Japan’s robotic SLIM spacecraft will attempt to pull off the nation’s first-ever successful moon landing on Friday morning (Jan. 19), and you can watch the action live.
SLIM (short for “Smart Lander for Investigating Moon”) is scheduled to begin its touchdown operations Friday at 10 a.m. EST (1500 GMT; midnight on Jan. 20 Japan time), with a soft landing on the moon occurring 20 minutes later, if all goes according to plan.
You can watch it live here at Space.com, courtesy of the Japan Aerospace Exploration Agency, or directly via JAXA. Coverage will begin at 9 a.m. EST (1400 GMT; 11 p.m. Japan time).
Related: Missions to the moon: Past, present and future
SLIM launched atop a Japanese H-2A rocket on Sept. 6 of last year. The moon probe shared that ride with an X-ray space telescope called XRISM, which was deployed into low Earth orbit shortly after launch and recently beamed home its first test photos after a successful checkout period.
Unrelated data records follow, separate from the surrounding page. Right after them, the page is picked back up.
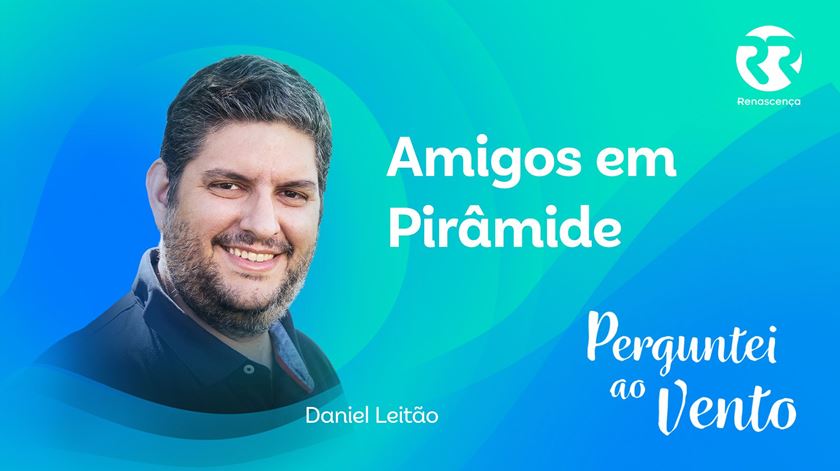Amigos em Pirâmide- Perguntei ao Vento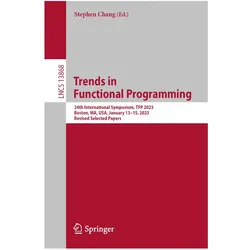 Trends in Functional Programming, Fachbücher von Stephen Chang
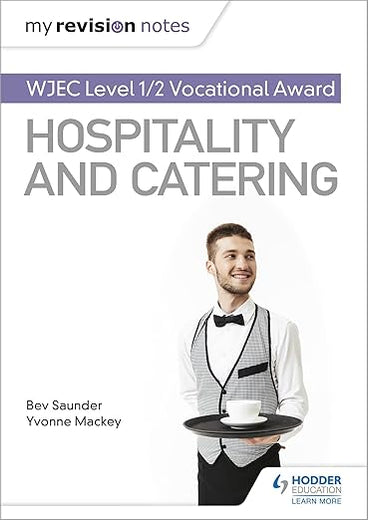 My Revision Notes: WJEC Level 1/2 Vocational Award in Hospitality and Catering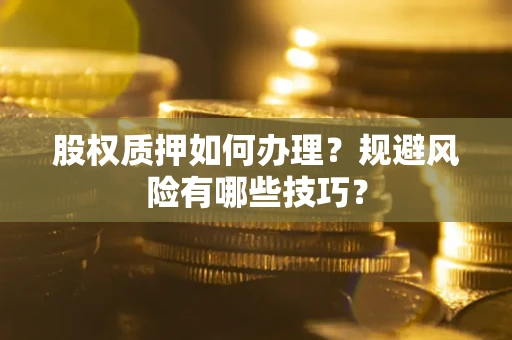 武汉股权质押如何办理？规避风险有哪些技巧？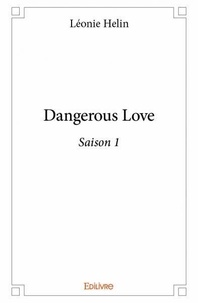 Léonie Helin - Dangerous love - saison 1.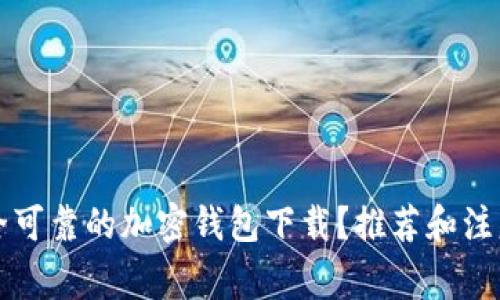 如何选择安全可靠的加密钱包下载？推荐和注意事项全解析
SLIM took a long and energy-efficient path to the moon, eventually arriving in orbit around Earth’s nearest neighbor on Christmas Day. The spacecraft then spent three weeks prepping for landing day, which has now nearly arrived.
If all goes according to plan on Friday, SLIM will land within 330 feet (100 meters) of a target spot on the rim of the moon’s Shioli Crater. The goal is to demonstrate the technology needed to make such pinpoint touchdowns.
“SLIM’s mission architecture hopes to shift the standards of lunar landing missions, from touching down where it’s easy to setting down exactly where desired,” the nonprofit Planetary Society wrote in a mission description.
Success would vault Japan into a very exclusive spacefaring club. To date, only four nations — the Soviet Union, the United States, China and India — have aced a soft landing on the moon.
SLIM won’t be making Japan’s first lunar touchdown try. A tiny lander called OMOTENASHI launched toward the moon as part of NASA’s uncrewed Artemis 1 mission in November 2022, but the little Japanese probe didn’t reach its destination. And last April, the Hakuto-R spacecraft, built by Tokyo-based company ispace, crashed during its landing attempt after its sensors got confused by the moon’s rough topography.
Another private moonshot, this one American, went awry recently as well: Astrobotic’s Peregrine lander suffered a fuel leak shortly after its Jan. 8 launch, scuttling a landing attempt that was targeted for mid-February. Peregrine made it out to lunar distance despite that issue, then looped back toward Earth. It’s scheduled to collide with our planet on Thursday afternoon (Jan. 18) over the South Pacific.